■ What you will do ■
Leaving pictures aside, restate exactly the lines of the data below, from the first one through the line that contains "然而郭德纲拒绝参加吊唁,面对这场变故,郭德纲只写下了十个字!".

[Dataset items]
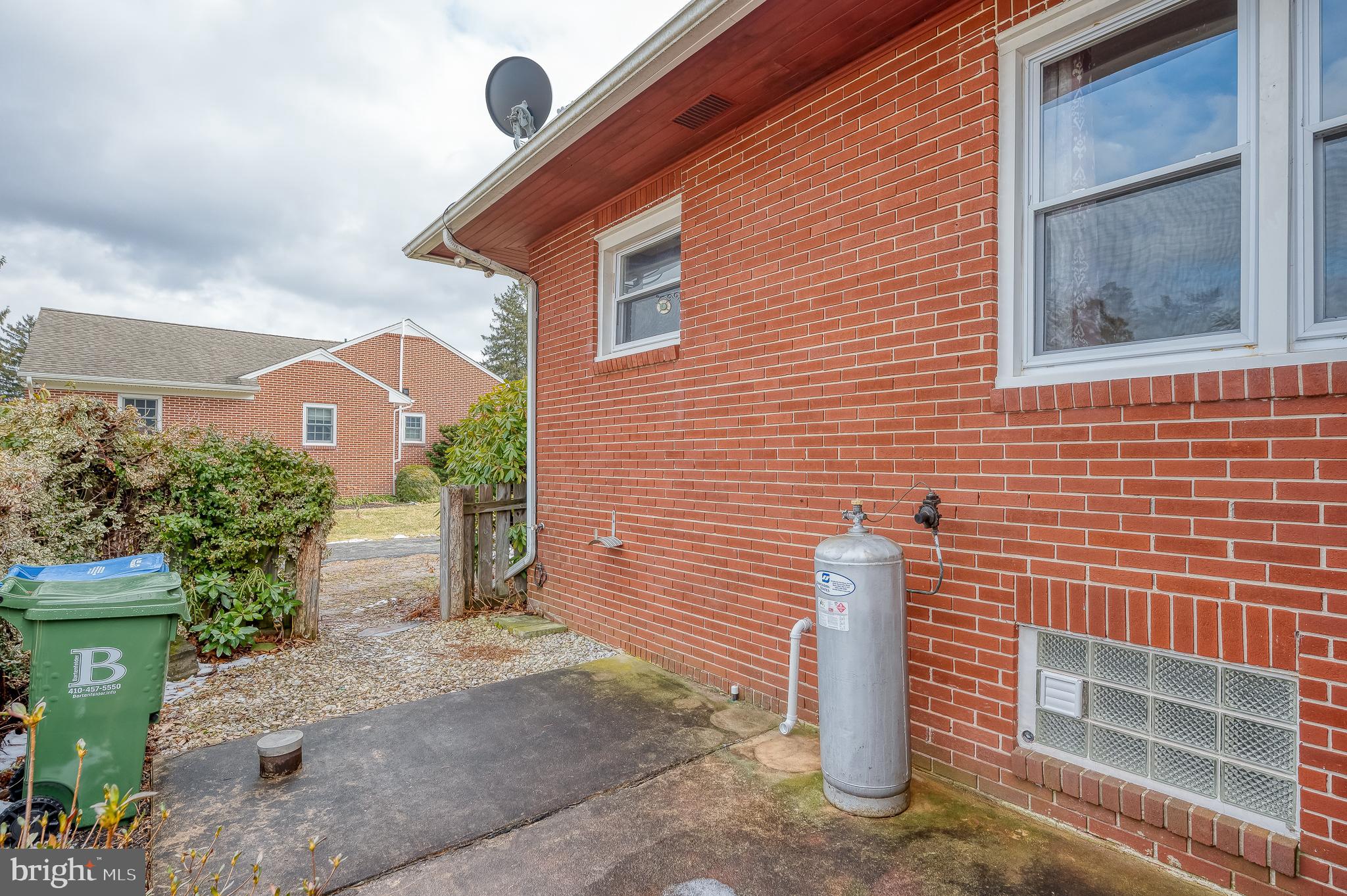 JARRETTSVILLE - Residential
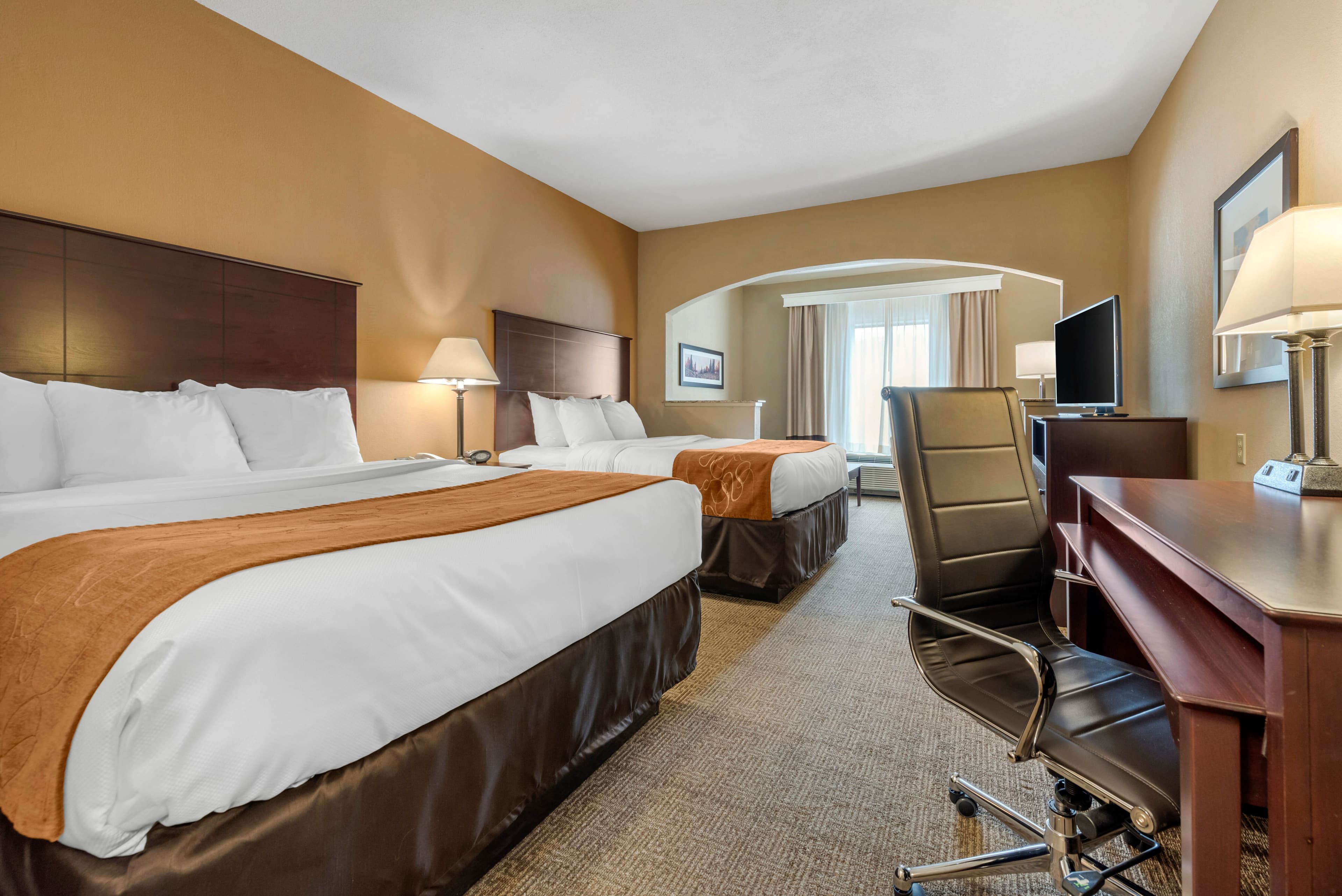 Comfort Suites near Route 66 — 17
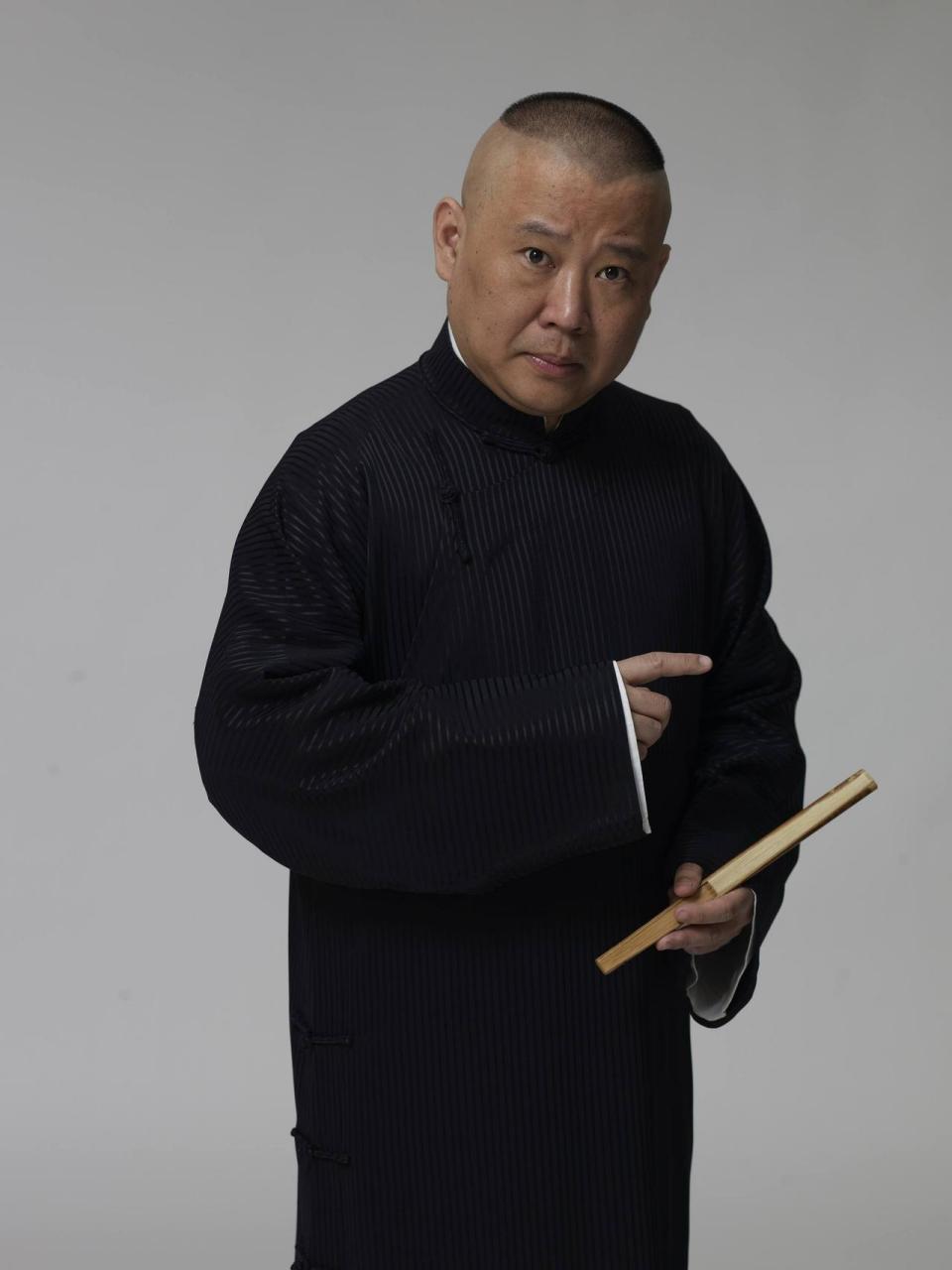 然而郭德纲拒绝参加吊唁,面对这场变故,郭德纲只写下了十个字!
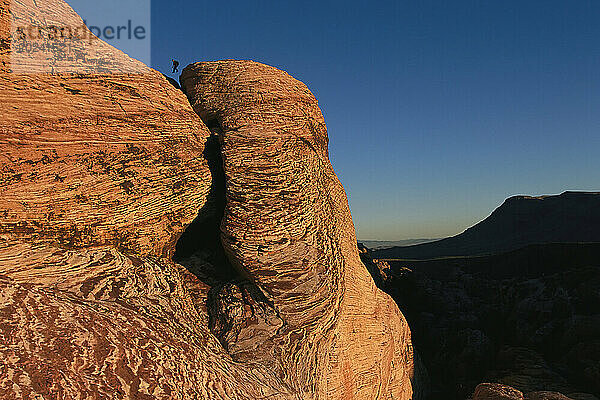 Kletterer hüpfen von Felsbrocken zu Felsbrocken auf versteinerten Dünen im Red Rock Canyon in Nevada in der Nähe von Las Vegas  einem der meistbesuchten Orte des Bureau of Land Management. Es ist weltberühmt für sein Klettern  bei dem jedes Jahr eine Million Menschen die Einsamkeit des Canyons den Slots vorziehen; Nevada  Vereinigte Staaten von Amerika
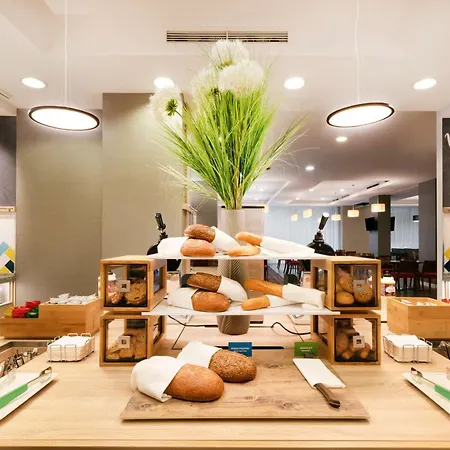 Hampton By Hilton Krakow-3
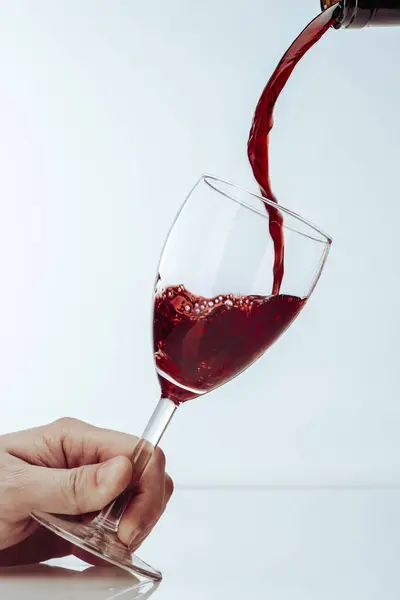 照片上的杯子里塞满了红酒 侍应生倒水 端上一杯饮料 假日的概念 — 图库照片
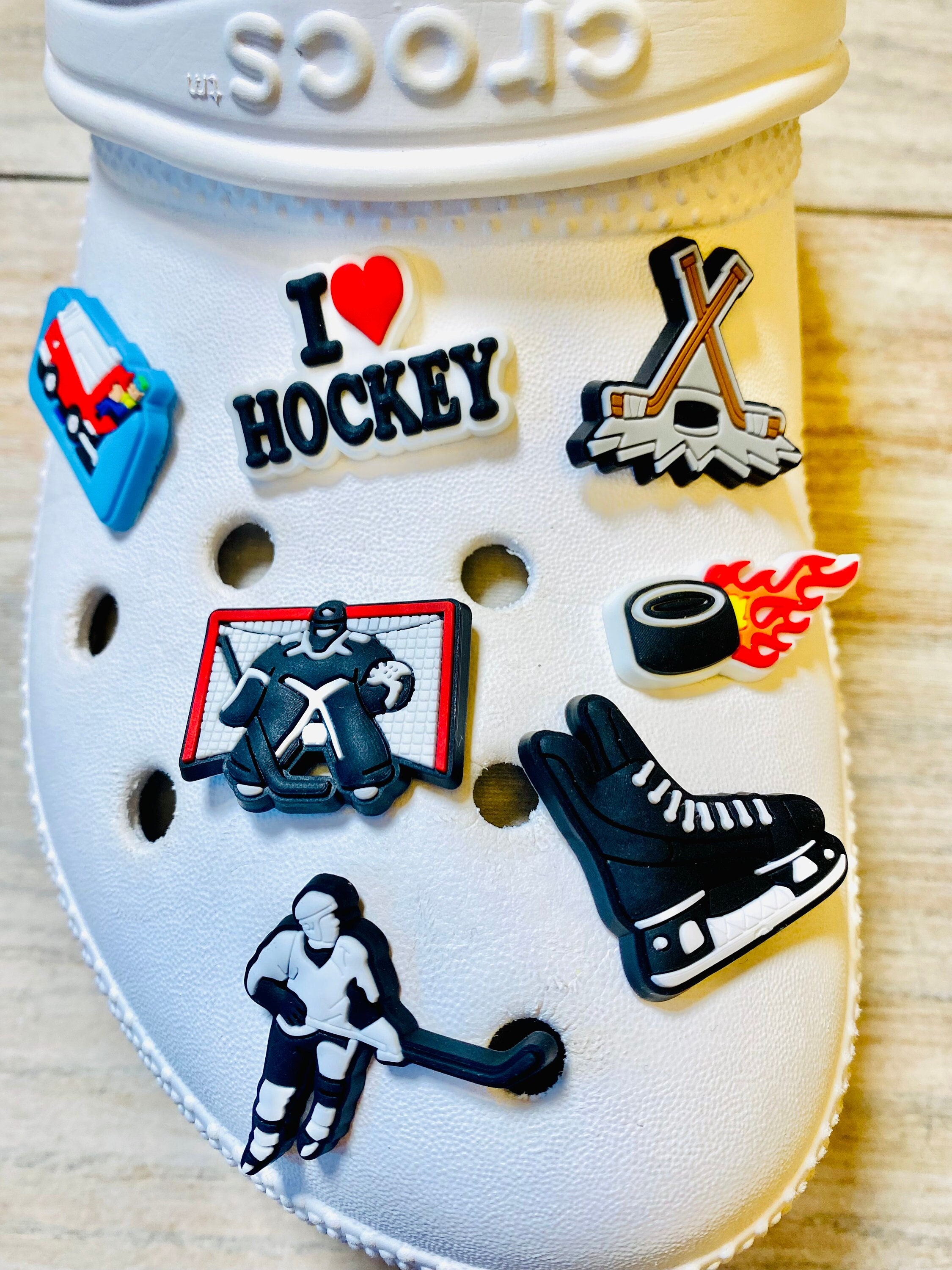 Crocs Los Angeles Kings Hockey Team Charm For Shoe Charms - 4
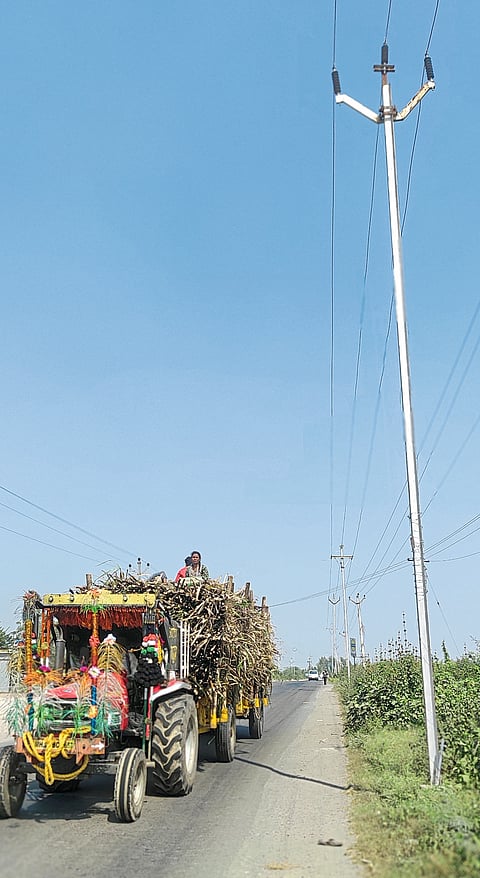 वीजवाहिनीचे खांब थेट महामार्गावर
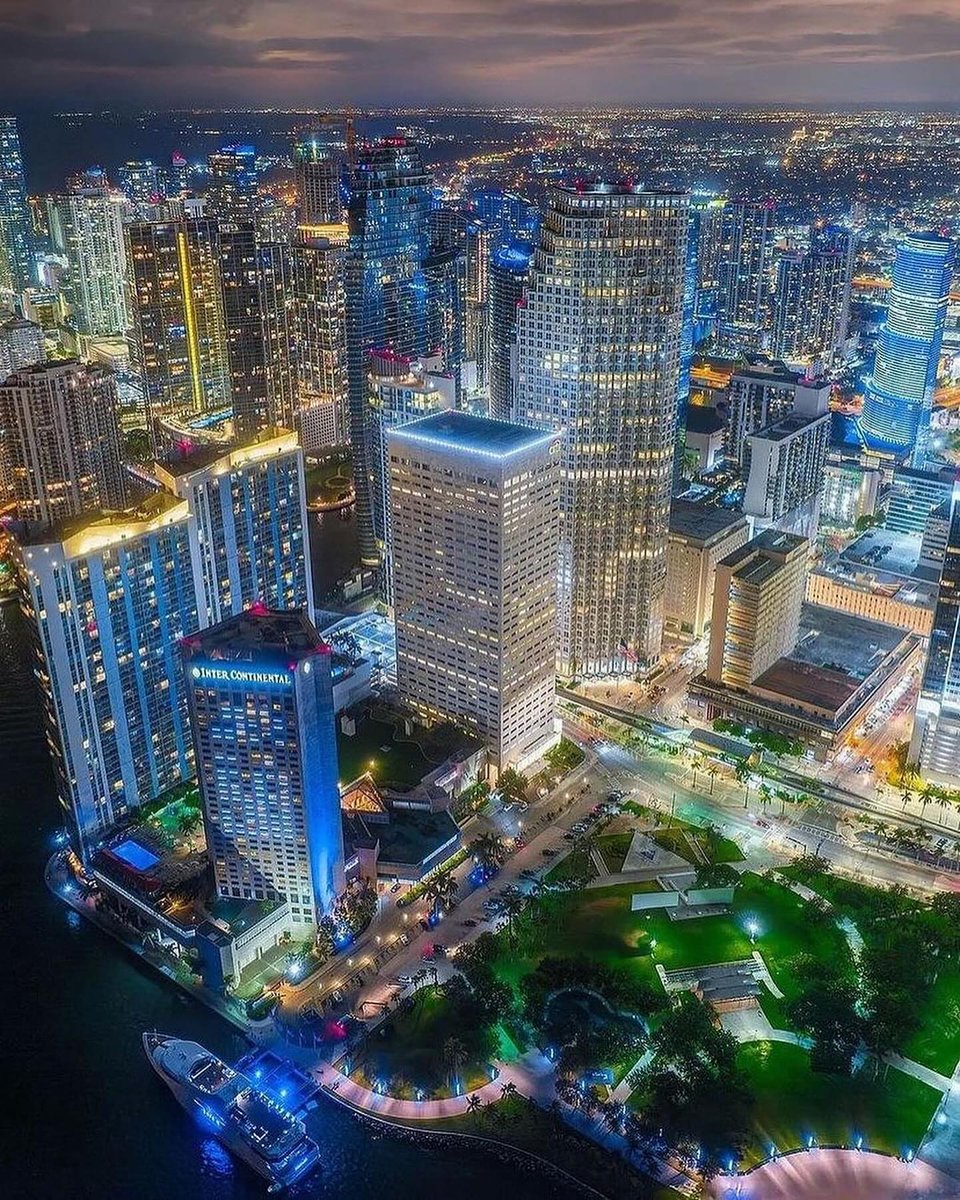 TheDreamyCity's tweet image. Miami Florida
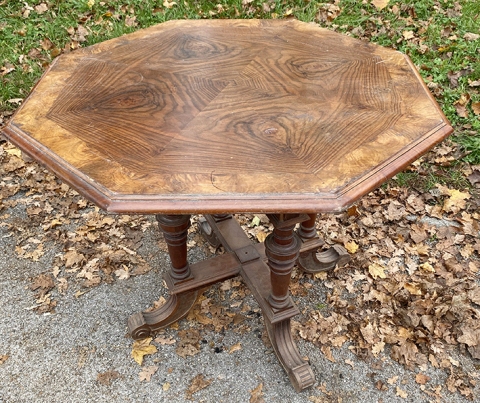 Holztisch, 8-kantig, Gründerzeit, antik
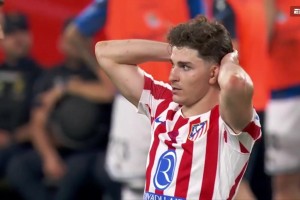 可惜了！比赛第100分钟，阿尔瓦雷斯抽射击中立柱弹出！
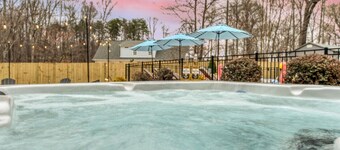Greensboro Getaway Villa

■ Written response ■
 JARRETTSVILLE - Residential
 Comfort Suites near Route 66 — 17
 然而郭德纲拒绝参加吊唁,面对这场变故,郭德纲只写下了十个字!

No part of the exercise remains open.